[Data provided]

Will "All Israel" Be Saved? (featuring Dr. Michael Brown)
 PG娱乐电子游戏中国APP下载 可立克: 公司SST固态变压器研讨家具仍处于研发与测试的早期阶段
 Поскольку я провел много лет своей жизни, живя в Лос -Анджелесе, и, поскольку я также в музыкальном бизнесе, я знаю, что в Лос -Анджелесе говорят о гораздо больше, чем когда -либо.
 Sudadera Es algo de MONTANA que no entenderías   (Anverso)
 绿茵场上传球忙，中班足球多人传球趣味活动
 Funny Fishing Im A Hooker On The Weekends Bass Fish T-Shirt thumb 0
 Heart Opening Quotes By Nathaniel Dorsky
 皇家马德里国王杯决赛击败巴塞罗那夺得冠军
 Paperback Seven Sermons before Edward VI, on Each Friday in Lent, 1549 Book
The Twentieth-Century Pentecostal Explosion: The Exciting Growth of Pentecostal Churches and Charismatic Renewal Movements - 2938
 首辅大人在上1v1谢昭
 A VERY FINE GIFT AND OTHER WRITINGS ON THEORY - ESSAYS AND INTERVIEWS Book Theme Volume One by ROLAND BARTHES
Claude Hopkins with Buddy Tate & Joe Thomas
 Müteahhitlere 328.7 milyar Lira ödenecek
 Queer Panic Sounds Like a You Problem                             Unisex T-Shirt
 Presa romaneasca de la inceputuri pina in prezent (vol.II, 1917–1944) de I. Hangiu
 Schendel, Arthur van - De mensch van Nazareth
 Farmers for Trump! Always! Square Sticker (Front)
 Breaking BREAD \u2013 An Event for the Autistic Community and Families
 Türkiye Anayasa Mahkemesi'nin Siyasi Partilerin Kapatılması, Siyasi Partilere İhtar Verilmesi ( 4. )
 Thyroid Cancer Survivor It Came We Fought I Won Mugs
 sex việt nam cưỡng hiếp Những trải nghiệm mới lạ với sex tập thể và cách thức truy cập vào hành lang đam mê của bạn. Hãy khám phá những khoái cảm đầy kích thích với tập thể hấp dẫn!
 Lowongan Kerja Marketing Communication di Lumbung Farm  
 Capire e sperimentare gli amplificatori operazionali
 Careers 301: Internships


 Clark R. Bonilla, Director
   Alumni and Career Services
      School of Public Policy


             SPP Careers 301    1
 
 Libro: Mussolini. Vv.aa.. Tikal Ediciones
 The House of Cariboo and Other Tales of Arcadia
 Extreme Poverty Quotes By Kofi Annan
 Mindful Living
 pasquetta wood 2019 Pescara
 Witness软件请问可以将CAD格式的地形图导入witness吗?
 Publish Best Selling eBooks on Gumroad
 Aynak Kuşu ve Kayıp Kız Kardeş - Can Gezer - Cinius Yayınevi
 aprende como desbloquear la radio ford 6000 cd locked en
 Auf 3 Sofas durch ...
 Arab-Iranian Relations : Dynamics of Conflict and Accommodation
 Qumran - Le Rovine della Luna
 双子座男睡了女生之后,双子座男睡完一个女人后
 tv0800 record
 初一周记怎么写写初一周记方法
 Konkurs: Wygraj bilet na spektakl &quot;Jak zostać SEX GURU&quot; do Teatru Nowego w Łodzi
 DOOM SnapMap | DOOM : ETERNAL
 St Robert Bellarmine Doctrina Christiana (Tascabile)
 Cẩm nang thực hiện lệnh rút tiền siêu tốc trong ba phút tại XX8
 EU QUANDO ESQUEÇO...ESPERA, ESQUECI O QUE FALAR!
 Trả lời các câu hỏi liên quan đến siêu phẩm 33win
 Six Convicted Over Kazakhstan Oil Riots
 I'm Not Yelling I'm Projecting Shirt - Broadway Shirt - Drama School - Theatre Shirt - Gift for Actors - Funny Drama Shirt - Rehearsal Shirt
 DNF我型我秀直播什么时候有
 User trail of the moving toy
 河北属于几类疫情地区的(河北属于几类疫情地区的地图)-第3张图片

[/Data provided]

Work instruction - From the line that contains "双子座男睡了女生之后,双子座男睡完一个女人后" down to the last line of the material above, copy every line word for word, both ends included.

Answer -
 双子座男睡了女生之后,双子座男睡完一个女人后
 tv0800 record
 初一周记怎么写写初一周记方法
 Konkurs: Wygraj bilet na spektakl &quot;Jak zostać SEX GURU&quot; do Teatru Nowego w Łodzi
 DOOM SnapMap | DOOM : ETERNAL
 St Robert Bellarmine Doctrina Christiana (Tascabile)
 Cẩm nang thực hiện lệnh rút tiền siêu tốc trong ba phút tại XX8
 EU QUANDO ESQUEÇO...ESPERA, ESQUECI O QUE FALAR!
 Trả lời các câu hỏi liên quan đến siêu phẩm 33win
 Six Convicted Over Kazakhstan Oil Riots
 I'm Not Yelling I'm Projecting Shirt - Broadway Shirt - Drama School - Theatre Shirt - Gift for Actors - Funny Drama Shirt - Rehearsal Shirt
 DNF我型我秀直播什么时候有
 User trail of the moving toy
 河北属于几类疫情地区的(河北属于几类疫情地区的地图)-第3张图片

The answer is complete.